Correlation Between Digital Power and Q Capital
Can any of the company-specific risk be diversified away by investing in both Digital Power and Q Capital at the same time? Although using a correlation coefficient on its own may not help to predict future stock returns, this module helps to understand the diversifiable risk of combining Digital Power and Q Capital into the same portfolio, which is an essential part of the fundamental portfolio management process.
By analyzing existing cross correlation between Digital Power Communications and Q Capital Partners, you can compare the effects of market volatilities on Digital Power and Q Capital and check how they will diversify away market risk if combined in the same portfolio for a given time horizon. You can also utilize pair trading strategies of matching a long position in Digital Power with a short position of Q Capital. Check out your portfolio center. Please also check ongoing floating volatility patterns of Digital Power and Q Capital.
Diversification Opportunities for Digital Power and Q Capital
-0.39 | Correlation Coefficient |
Very good diversification
The 3 months correlation between Digital and 016600 is -0.39. Overlapping area represents the amount of risk that can be diversified away by holding Digital Power Communications and Q Capital Partners in the same portfolio, assuming nothing else is changed.
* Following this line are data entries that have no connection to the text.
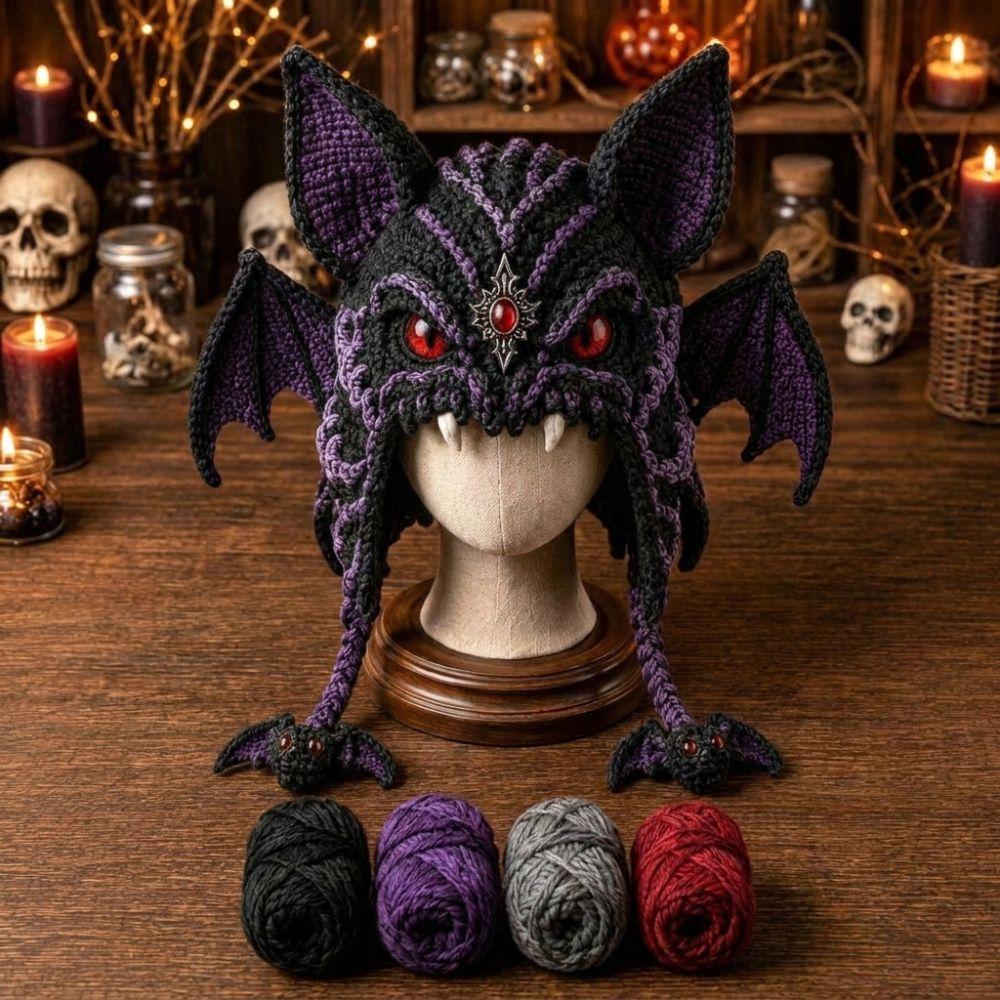 Warm Halloween Crochet Hood Kit for Adults Handmade Halloween Animal Hat Halloween Party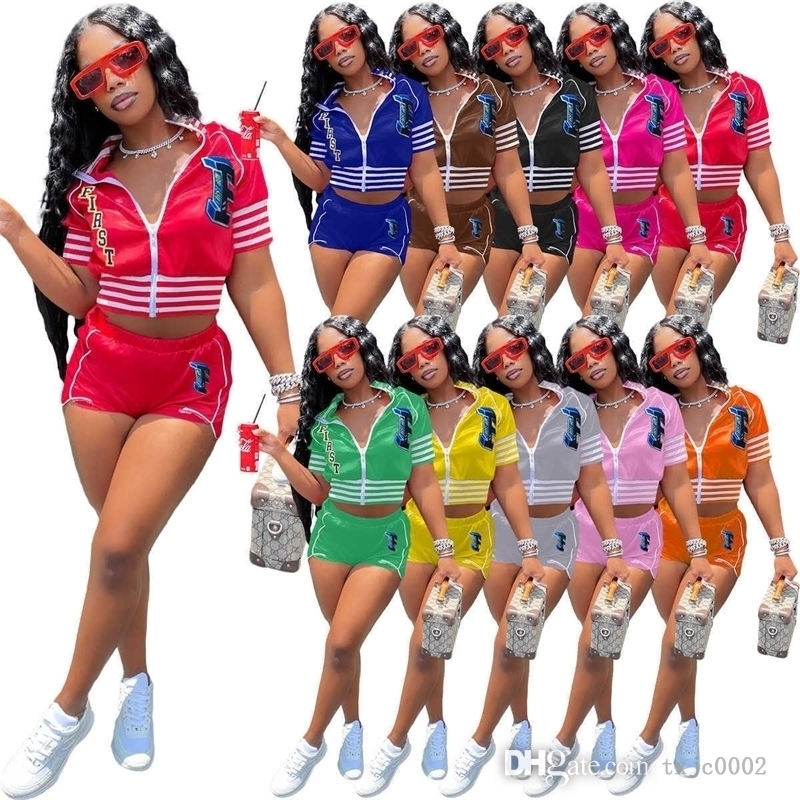 

Fashion Womens Tracksuits 2022 Spring And Summer Short Sleeve Pants Set Letter Printed Splicing Two Piece Baseball Jogging Suits, Stlye a mixed or give a list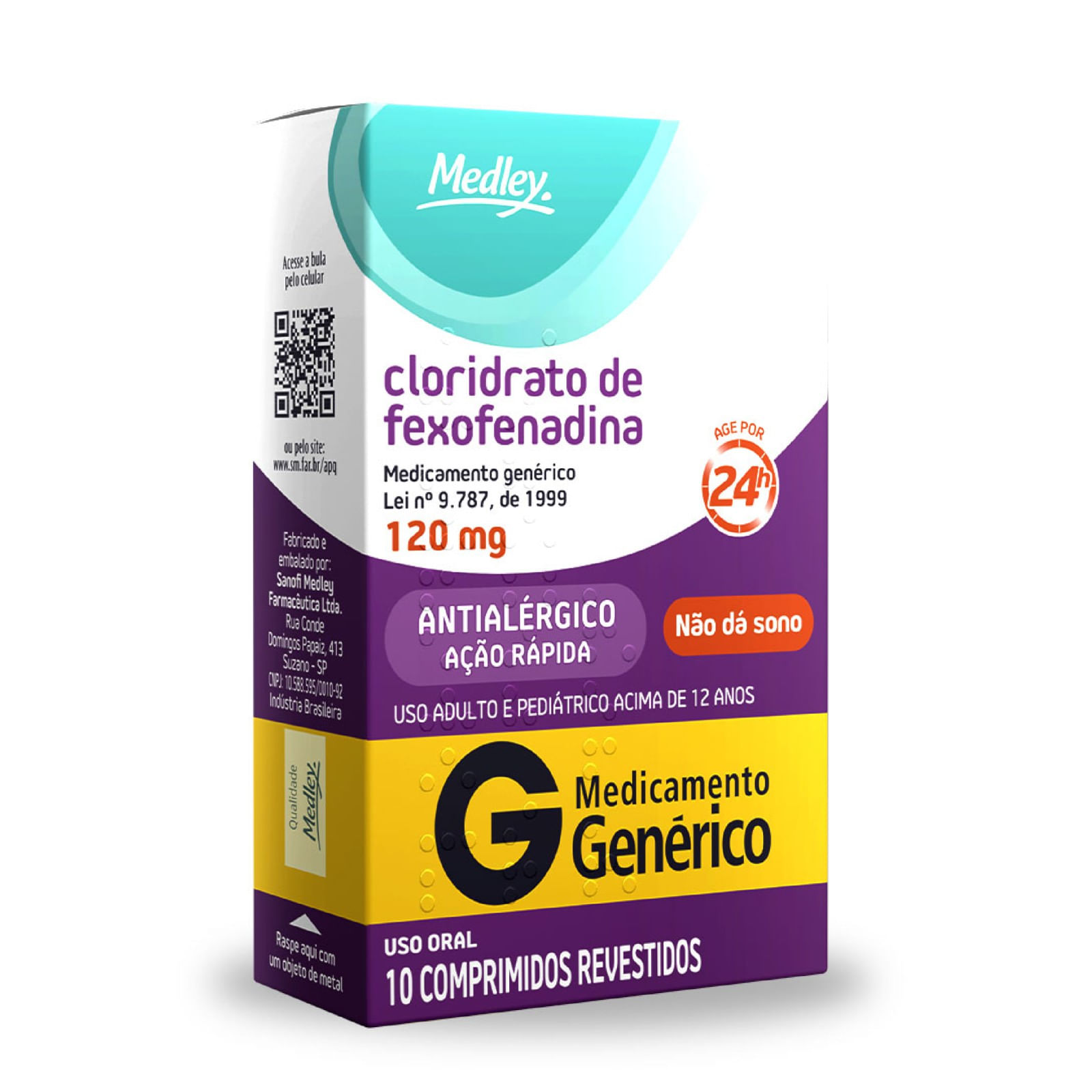 Cloridrato De Fexofenadina 120mg Medley 10 Comprimidos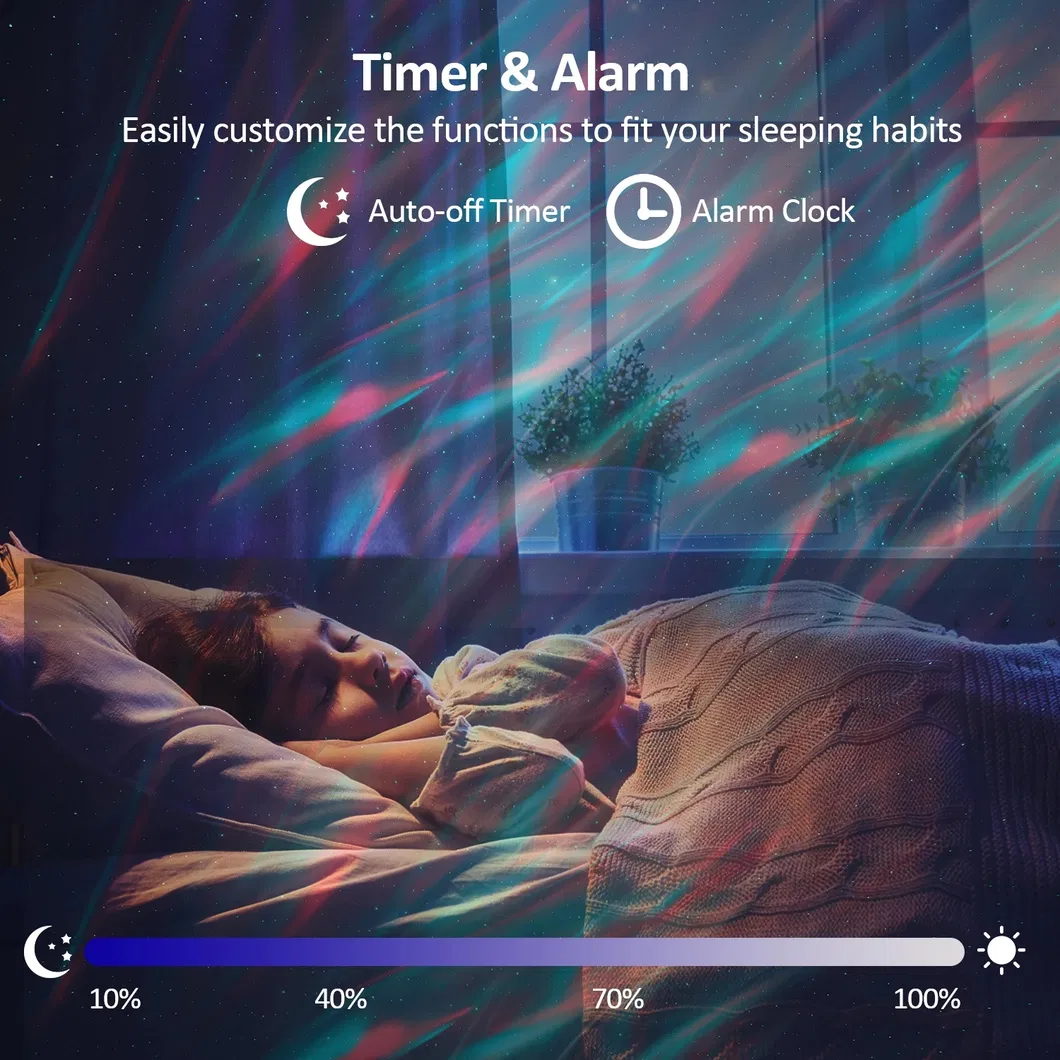 Aurora Star Projector Galaxy Projector Lights for Bedroom, WiFi Nebula Ceiling Projector Night Light with Music Speaker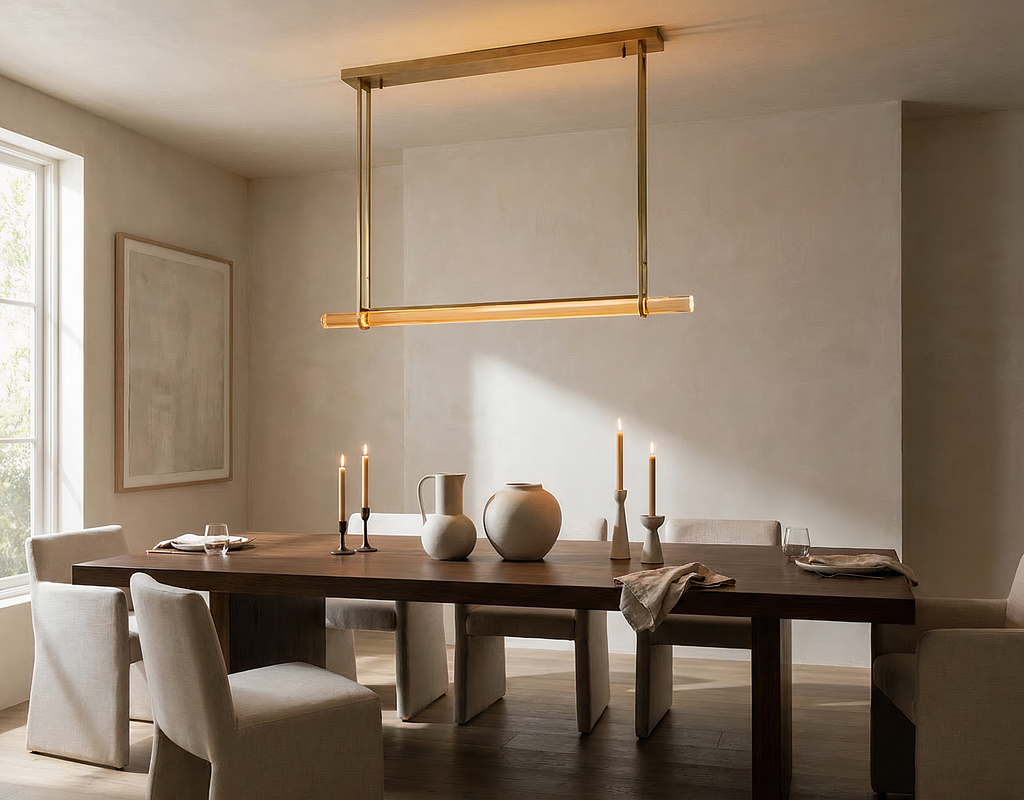 Inspired Audubon Style Crystal 1-Bar Linear Chandelier 60.5" - Gold in Elegant Room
The correlation between historical prices or returns on Q Capital Partners and Digital Power is a relative statistical measure of the degree to which these equity instruments tend to move together. The correlation coefficient measures the extent to which returns on Digital Power Communications are associated (or correlated) with Q Capital. Values of the correlation coefficient range from -1 to +1, where. The correlation of zero (0) is possible when the price movement of Q Capital Partners has no effect on the direction of Digital Power i.e., Digital Power and Q Capital go up and down completely randomly.
Pair Corralation between Digital Power and Q Capital
Assuming the 90 days trading horizon Digital Power Communications is expected to generate 0.61 times more return on investment than Q Capital. However, Digital Power Communications is 1.65 times less risky than Q Capital. It trades about 0.05 of its potential returns per unit of risk. Q Capital Partners is currently generating about 0.0 per unit of risk. If you would invest 773,691 in Digital Power Communications on October 26, 2024 and sell it today you would earn a total of 41,309 from holding Digital Power Communications or generate 5.34% return on investment over 90 days.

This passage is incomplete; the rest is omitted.